New NSW Family Provision Law one step closer

Family provision law in New South Wales will soon change as part of the overall push for consistent succession laws throughout Australia. The Succession Amendment (Family Provision) Bill 2008 ("the Bill") was introduced into the NSW Parliament on 26 June 2008.

The stated objects of the Bill are to:

  • amend the NSW Succession Act 2006 to include the law relating to family provision in the Act;
  • provide for regulations to be made to control legal costs in family provision matters;
  • provide for regulations to be made to control advertising by legal practitioners in relation to family provision claims;
  • repeal the NSW Family Provision Act 1982;
  • make provisions to deal with the transition from the old law to the new law; and
  • to make consequential amendments to other legislation when the Bill becomes law.
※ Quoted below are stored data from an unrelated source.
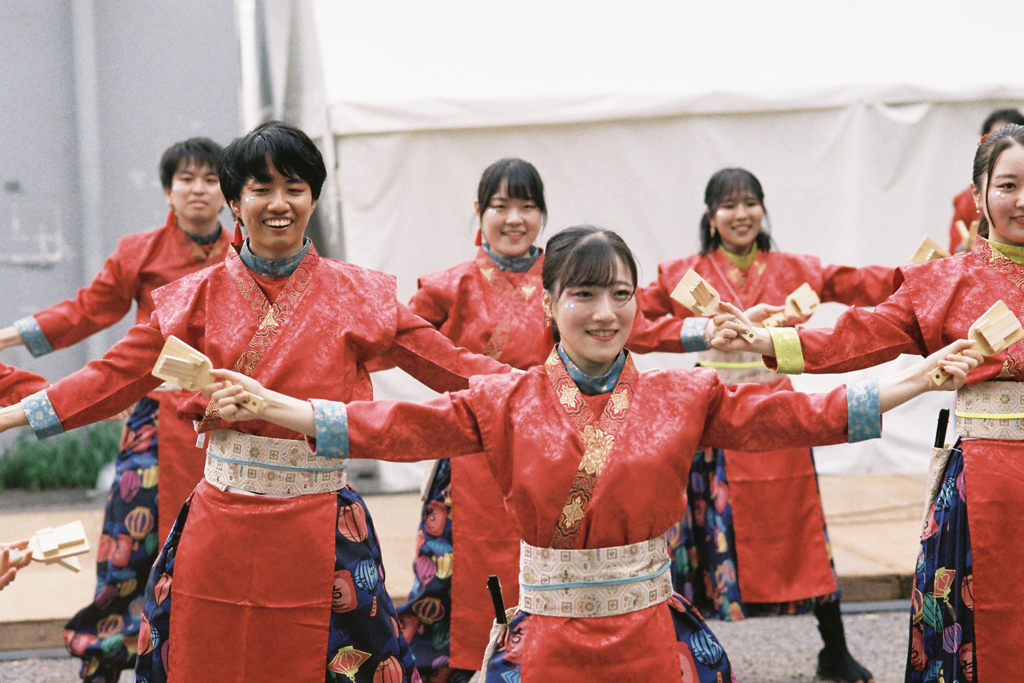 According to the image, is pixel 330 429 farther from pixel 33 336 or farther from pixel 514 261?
pixel 33 336

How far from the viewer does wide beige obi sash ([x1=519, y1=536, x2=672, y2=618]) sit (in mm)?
2381

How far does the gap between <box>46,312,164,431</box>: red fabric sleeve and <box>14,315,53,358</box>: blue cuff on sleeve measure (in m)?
1.15

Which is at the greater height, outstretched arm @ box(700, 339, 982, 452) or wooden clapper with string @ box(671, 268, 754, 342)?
wooden clapper with string @ box(671, 268, 754, 342)

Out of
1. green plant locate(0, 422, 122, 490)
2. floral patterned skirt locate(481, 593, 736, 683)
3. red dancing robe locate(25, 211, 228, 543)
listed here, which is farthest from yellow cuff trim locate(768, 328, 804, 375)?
green plant locate(0, 422, 122, 490)

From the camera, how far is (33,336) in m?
3.95

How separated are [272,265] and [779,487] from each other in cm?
217

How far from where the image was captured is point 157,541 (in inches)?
160

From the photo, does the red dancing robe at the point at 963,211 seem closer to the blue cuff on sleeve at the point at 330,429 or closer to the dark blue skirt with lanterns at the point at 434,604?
the dark blue skirt with lanterns at the point at 434,604

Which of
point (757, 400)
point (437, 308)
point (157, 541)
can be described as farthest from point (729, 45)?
point (757, 400)

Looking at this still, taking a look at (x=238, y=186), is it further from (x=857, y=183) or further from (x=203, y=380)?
(x=857, y=183)

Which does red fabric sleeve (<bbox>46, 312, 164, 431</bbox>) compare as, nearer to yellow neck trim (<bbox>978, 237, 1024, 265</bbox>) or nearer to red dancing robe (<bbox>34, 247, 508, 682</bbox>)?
red dancing robe (<bbox>34, 247, 508, 682</bbox>)

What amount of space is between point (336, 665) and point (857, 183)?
504 centimetres

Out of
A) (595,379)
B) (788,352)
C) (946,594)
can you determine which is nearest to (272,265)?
(595,379)

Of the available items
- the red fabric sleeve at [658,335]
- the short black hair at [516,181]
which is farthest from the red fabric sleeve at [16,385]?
the red fabric sleeve at [658,335] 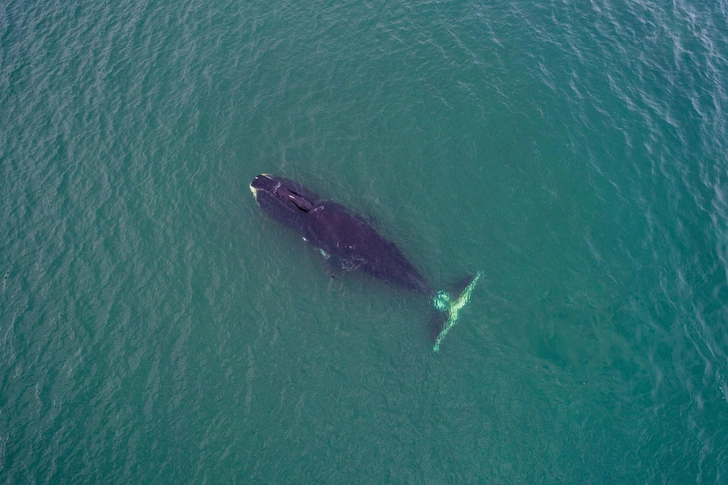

Important matters to note from the Bill at this stage include:

  • A change to the class of "eligible persons" under current NSW law who may apply to the Court for a family provision order in respect of a deceased person. Proposed section 57 specifies the persons who may apply. Those living in a domestic relationship with the deceased will no longer have automatic entitlement to eligibility to make a claim. The Bill replaces "domestic relationship" in the current Act with de facto relationship". The Bill also creates a new category of applicant eligible for a family provision order - being a person in a close personal relationship with the deceased. This applicant will have to overcome the same jurisdictional hurdles imposed on former spouses and other dependents before being entitled to have their application considered by the Court.
  • The time limit for making a family provision claim will be reduced to 12 months from the death of the deceased person, unless the Court otherwise orders (proposed section 58). At present, NSW law allows for a period of 18 months from the death of the deceased person. There is provision for extending the time limit with Court approval. However, there is no longer specific provision for reducing the time limit.
  • The preservation of the notional estate concept under current NSW law. Proposed sections 74 to 90 deal with notional estate orders. The main purpose of the notional estate provisions is to ensure assets are brought back into the estate that may have been distributed either before or after the death of the deceased with the intention of defeating family provision claims. The notional estate provisions ensure those assets are available to meet family provision orders made by the Court.
  • The circumstances in which decided or settled claims (by Court order) can be reopened have been widened. The Court may make a further order for provision in favour of an eligible person if it is satisfied that there has been a substantial detrimental change in the eligible person's circumstances. The Bill now also gives a specific recognition to a right that probably exists under the present law ? that is to reopen a decided or settled claim if there is significant undisclosed property that the Court was not aware of at the time the previous order was made that would have prompted the Court not to have made the previous order. Whilst innocent and unintentional undisclosed property situations may be rare, it will be prudent for executors and administrators to document their due diligence searches and enquiries for estate assets to prevent possible claims against them. Proposed section 59(3)(b) is the undisclosed property provision.
  • The rules dealing with the protection of legal representatives of estates (executors or administrators) have changed. Proposed section 94 sets out the rules. Legal personal representatives will be protected from liability if they distribute estate assets to provide for the necessary maintenance or education of an eligible person who was wholly or substantially dependant on the deceased immediately before his or her death. Also, legal representatives will not be liable for claims if they publish their notice of intended distribution and they distribute no earlier than 12 months after the deceased's death and they have no prior written notice of a claim.
  • Proposed section 98 has the stated object of encouraging the settlement of family provision disputes. Matters must be referred to mediation before any Court hearing, unless there are special reasons for the Court not to order mediation (one special reason may be the risk of violence between the affected parties).
  • Proposed section 99 gives the Court power to order costs in family provision proceedings in such manner as it thinks fit. The section also enables regulations to be made to cap legal costs (see the discussion in the Bartier Wills and Estates Bulletin of September 2007). It appears different cost considerations will apply in small estates. The proposed definition of small estates is estates where the value is less then $750,000 or such other amount as may be prescribed by the regulations. Interesting questions arise as to the accuracy of date of death values to determine if the estate is less than $750,000. At present, estimates will suffice for probate purposes. In light of this proposed change, do actual values need to be obtained? Also, what if an estate is under $750,000 at the date of death but more than $750,000 at the date of the hearing? It is hoped the regulations may clarify this issue.

Bartier Perry will continue to monitor and report on the progress of this important proposed change to NSW family provision law.